Originally Posted by ABud
I would need to think about that. Feel free to PM me with your email address so we can toss details around.
Thanks for the tips guys. I've been messing with Ortelius for a few weeks now and still don't really have a handle on that. I'll take a look at QGIS as well. Unfortunately, pretty much every computer I have access to at the moment is Mac due to my background in audio production, so I'll just have to make due as best I can.
Disclaimer, I'm not a GIS expert and have never used any of the programs referenced above.
Below are two maps we (SMBA) produce. The layout was orginally designed by a graphic designer (same guy that created the NYCMTB maps). It is created in Adobe Illustrator. The base geographic data (topo, roads, streams, etc) are imported from pdf maps downloaded from USGS.gov. The trails are gps'd using a garmin gps, exported from mapsource as a dxf, which is then imported into Illustrator. This requires a bit of rescaling of the trail tracks in illustrator, but hasn't been a big issue.
I'm sure the maps are not 100% accurate reagarding exact location of trails in relation to surrounding topography but it serves the purpose of navigation around our trails systems very well.
This isn't exactly what GIS experts are used to, but I think it makes for an aestically pleasing map and gives you ultimate control over the appearance, border, etc.
I really like the map of Pittstown SF.
I am not sure that a scale bar is really worth including on maps made with illustrator. I certainly appreciate the graphic artistry that goes into such products, but without spatial reference information, you simply can't be sure that things like scale bars, north arrows with declination scales, and coordinate systems can be accurate enough to actually use them for navigation purposes.

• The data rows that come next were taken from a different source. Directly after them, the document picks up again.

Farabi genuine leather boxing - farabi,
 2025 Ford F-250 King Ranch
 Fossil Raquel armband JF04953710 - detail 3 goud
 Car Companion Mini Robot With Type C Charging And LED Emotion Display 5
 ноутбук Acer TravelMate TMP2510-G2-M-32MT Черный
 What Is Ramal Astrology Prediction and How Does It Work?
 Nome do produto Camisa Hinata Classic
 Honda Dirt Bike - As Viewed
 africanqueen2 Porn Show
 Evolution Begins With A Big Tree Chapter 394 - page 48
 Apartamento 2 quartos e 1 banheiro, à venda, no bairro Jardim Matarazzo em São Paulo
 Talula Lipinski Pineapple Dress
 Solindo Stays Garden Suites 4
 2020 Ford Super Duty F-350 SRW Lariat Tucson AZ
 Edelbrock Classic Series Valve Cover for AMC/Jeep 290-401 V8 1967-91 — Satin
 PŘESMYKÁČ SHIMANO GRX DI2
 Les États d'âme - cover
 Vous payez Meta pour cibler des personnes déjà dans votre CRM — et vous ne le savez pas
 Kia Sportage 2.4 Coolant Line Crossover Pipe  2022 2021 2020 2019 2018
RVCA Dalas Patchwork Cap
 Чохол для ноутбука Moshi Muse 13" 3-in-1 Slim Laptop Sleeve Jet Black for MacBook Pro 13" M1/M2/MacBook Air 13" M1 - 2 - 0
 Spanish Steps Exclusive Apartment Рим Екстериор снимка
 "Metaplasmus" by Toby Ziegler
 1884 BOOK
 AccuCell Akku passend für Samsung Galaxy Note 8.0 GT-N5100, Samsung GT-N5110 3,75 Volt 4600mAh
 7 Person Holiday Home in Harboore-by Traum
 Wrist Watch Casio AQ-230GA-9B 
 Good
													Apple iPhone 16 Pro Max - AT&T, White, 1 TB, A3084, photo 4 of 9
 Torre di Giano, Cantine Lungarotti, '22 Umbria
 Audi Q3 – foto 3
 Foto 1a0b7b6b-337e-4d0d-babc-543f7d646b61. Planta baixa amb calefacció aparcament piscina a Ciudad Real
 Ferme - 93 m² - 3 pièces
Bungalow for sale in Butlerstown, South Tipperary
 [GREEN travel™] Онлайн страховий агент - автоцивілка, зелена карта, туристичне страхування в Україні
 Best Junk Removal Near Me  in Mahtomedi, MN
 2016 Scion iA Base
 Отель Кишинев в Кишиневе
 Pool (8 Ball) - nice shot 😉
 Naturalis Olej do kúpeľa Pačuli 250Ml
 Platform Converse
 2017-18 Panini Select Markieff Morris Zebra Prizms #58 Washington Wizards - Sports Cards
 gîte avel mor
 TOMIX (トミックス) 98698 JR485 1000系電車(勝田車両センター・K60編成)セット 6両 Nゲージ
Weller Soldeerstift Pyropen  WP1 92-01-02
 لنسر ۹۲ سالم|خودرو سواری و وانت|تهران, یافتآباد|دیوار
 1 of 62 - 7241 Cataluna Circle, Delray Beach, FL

I think an ideal product is one generated in GIS for accuracy and then modified using graphics tools for aesthetic purposes. Most GIS programs have pretty poor graphics manipulation tools. ArcGIS does a pretty good job with those. I am working on a map right now that I'll post when I'm finished done exclusively with ArcGIS and I think it looks pretty good. I'm waiting on some information from the manager to set symbology how I want, and then I have some graphics work to do in order to make it look nice for printing. I am going to make a version for a poster sized wall print, as well as a version that can go onto the backside of a 3 fold 8x10 brochure. I'll let the student workers deal with the front side with information about their rentals, rules, or whatever else they want to put on it.